To achieve the latter, and convince Vodafone’s competitors that it is focused on meeting their needs first and foremost, Badrinath’s team must persuade them that it has completely moved beyond the legacy focus on delivering network advantage to Vodafone.
If it does not, independent tower players with no telco lineage or tainted loyalties, such as Cellnex and American Tower (the prospective purchaser of many of Telefónica’s European assets), will be waiting to step in and churn customers away, and Vodafone’s parental control over (and effective monetisation of) Vantage could come into question.
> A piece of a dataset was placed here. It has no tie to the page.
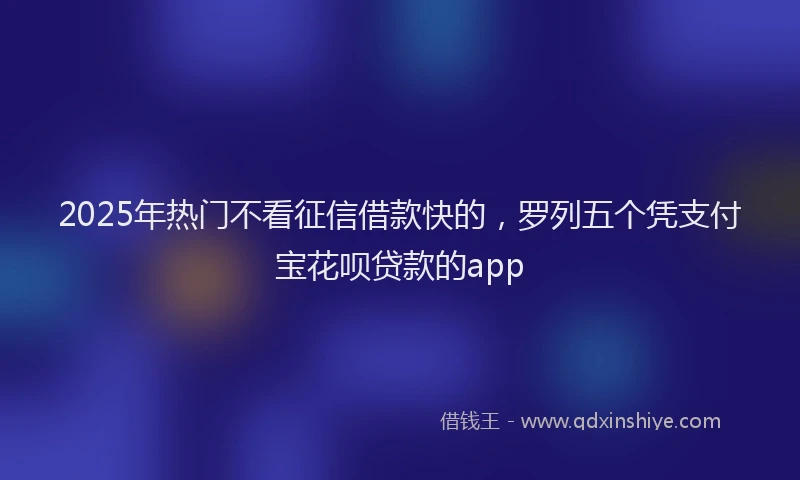 2025年热门不看征信借款快的，罗列五个凭支付宝花呗贷款的app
If it does, the rewards on offer are significant. Even as is, the TowerCo begins life with lofty margin compared with its parent, at about 55% (after leases) — but Badrinath’s slides indicated this could climb considerably as tenancies ramp up, owing to the reduced marginal cost of installing new kit at sites. His slides indicated margin on an average tower increases by around ten percentage points, from 50% to 60%, when it moves from one tenant to two.
Vantage’s medium-term plan is to drive mid-single-digit growth in revenue and to shift margin to a “high 50s percentage”, fuelling “mid-to-high single digit” free cash flow growth. Supporting this is a target of bringing in 15,500 new tenancies (at least a 10% increase, by Vodafonewatch’s estimate, and possibly closer to 20%).
This “lease‑up” drive appears set to form Vantage’s main focus, but Badrinath indicated the new TowerCo had other growth opportunities up its sleeve, too.
These include savings initiatives, with Badrinath citing “significant cost efficiency opportunities” through: buyouts and renegotiation of leases; automation-focused IT upgrades; operational efficiencies via systems such as predictive maintenance; and deployment of more energy-efficient solutions at sites.
Vantage also sees opportunities to expand — whether organically or inorganically — beyond its existing footprint and focus areas, and into services such as fixed wireless access, indoor wireless, private networks, fibre backhaul, smart-city deployments, and edge and/or data centre infrastructure. Vantage has a €1bn+ kitty reserved for these investments, Badrinath said.